Klimaschutzziele kann man nicht allein im Kraftwerkspark umsetzen, es sei denn, man will Deutschland deindustrialisieren; das ist ganz klar. Aber es ist eben auch richtig, dass das Bundeskabinett unter Leitung der Bundeskanzlerin Angela Merkel, die auf der internationalen Konferenz in Paris mit anderen Ländern dieser Welt verhandlungsfähig sein will, beschlossen hat, dass der Kraftwerkspark bis 2020 einen Beitrag zur Reduzierung der CO2-Emissionen im Umfang von 22 Millionen Tonnen leisten soll. Deshalb sagen wir: Wir unterstützen die Bundeskanzlerin und den Bundeswirtschaftsminister, damit Ernst zu machen, und der Koalitionspartner ist genauso eingeladen, die Bundeskanzlerin bei diesem Ziel zu unterstützen.

(Beifall bei der SPD)

Wir können gerne darüber reden, wie wir es umsetzen. Ich sage: Das vorgeschlagene Instrument ist interessant. Wir müssen es hinsichtlich der Frage, welche Auswirkungen es auf den Strompreis hat, und der Frage, was es für einzelne Regionen im Strukturwandel bedeutet, überprüfen. Das muss man vernünftig miteinander besprechen und dann ausgestalten. Aber nichts tun, Kollege Pfeiffer, sich wegducken bei der ganzen Sache, das zählt nicht.

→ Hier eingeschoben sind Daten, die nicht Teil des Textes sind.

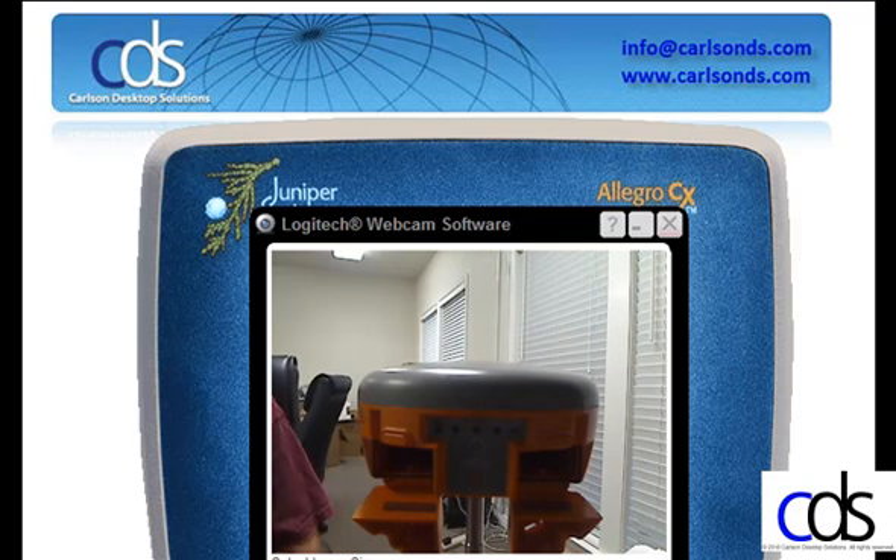Welcome to the Quick Start Guide for the Altus APS-3 Receiver and Carlson SurvCE Field Data Collection Software.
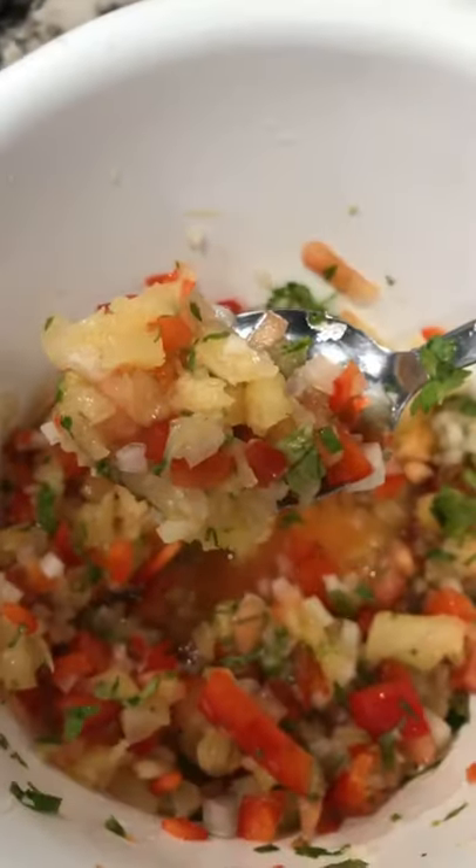Don't forget a little bit of salt. Stir that up and use it to top whatever you like. Enjoy!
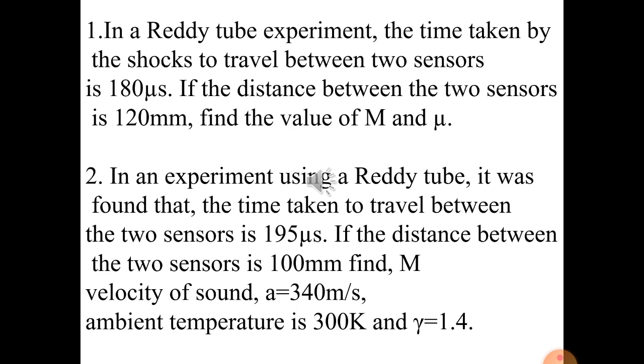In this way, we complete the syllabus of shock waves. We have covered almost all concepts: Mach number, speed of sound, ultrasonic waves, subsonic waves, conservation of energy, mass and momentum, different properties of shock waves, strong and weak shock waves, and the ready tube. Thank you.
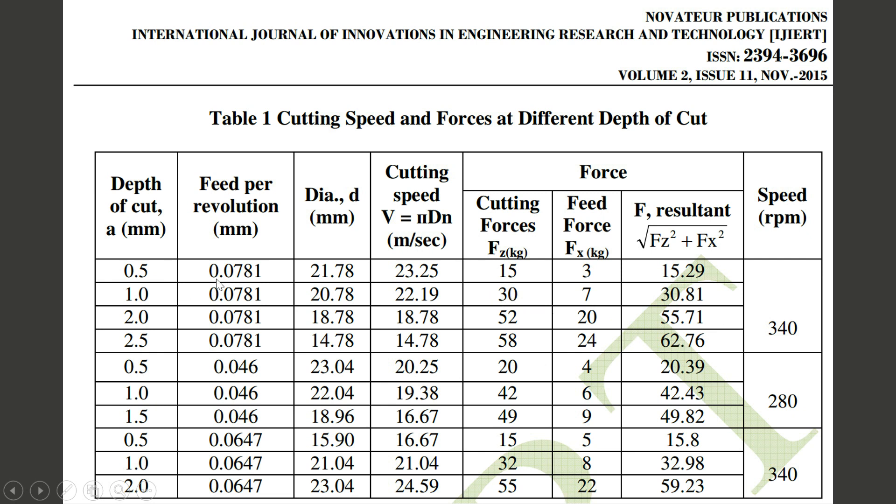Looking at the effect of feed on cutting forces, with two constant speeds and constant depth of cut, we compare different feed values. With a lesser feed the force is 32, and with more feed the force is 30 — almost equal. At 2 mm depth of cut, the forces are 55 and 52 respectively, showing very little variation in cutting force with feed.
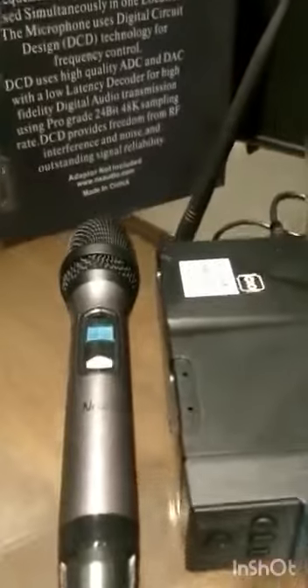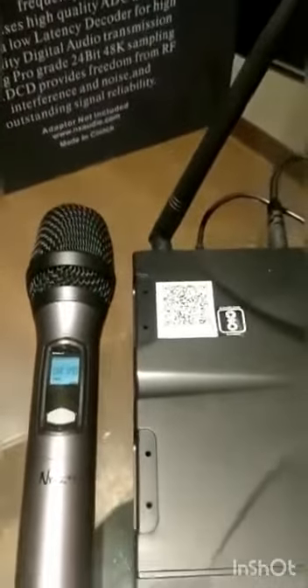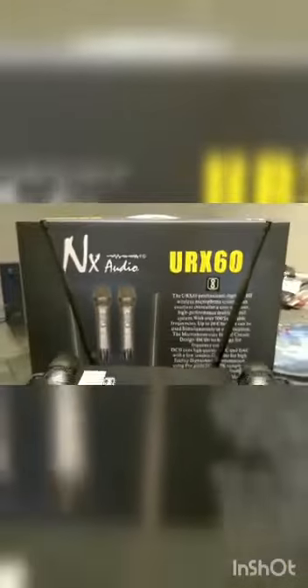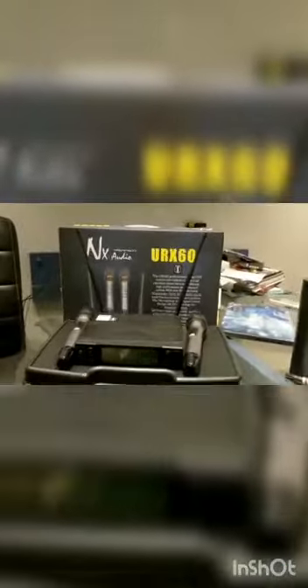Scan the QR code on the unit for warranty and registration. The URX60 gives a range of 100 meters without any disturbance.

(Dr. Joachim Pfeiffer [CDU/CSU]: Das -machen wir nicht!)

Wir werden gemeinsam ein Instrument finden müssen. Das sind Sie Ihrer Kanzlerin, vor allen Dingen aber dem Klimaschutz in Deutschland schuldig, meine Damen und Herren.

(Christian Kühn [Tübingen] [BÜNDNIS 90/DIE GRÜNEN]: Da ist sich die GroKo echt mal einig heute!)

Ich komme zum Schluss.

Vizepräsidentin Petra Pau:
Kollege Heil, dieses Gespräch mit dem Koalitionspartner müssen Sie jetzt an anderer Stelle fortsetzen. Sie haben die Zeit überschritten.

Hubertus Heil (Peine) (SPD):
Das mache ich gerne, Frau Präsidentin. Gestatten Sie mir bitte einen Schlusssatz. – Meine Damen und Herren, die SPD-Bundestagsfraktion wird Bundeswirtschaftsminister Sigmar Gabriel auf dem Weg unterstützen. Wir wollen und wir werden es schaffen, eine sichere, eine saubere und eine bezahlbare Energieversorgung langfristig in Deutschland zu erreichen. Wir sind jetzt auf dem Weg, unterstützen Sie uns dabei.
Herzlichen Dank.

(Beifall bei der SPD)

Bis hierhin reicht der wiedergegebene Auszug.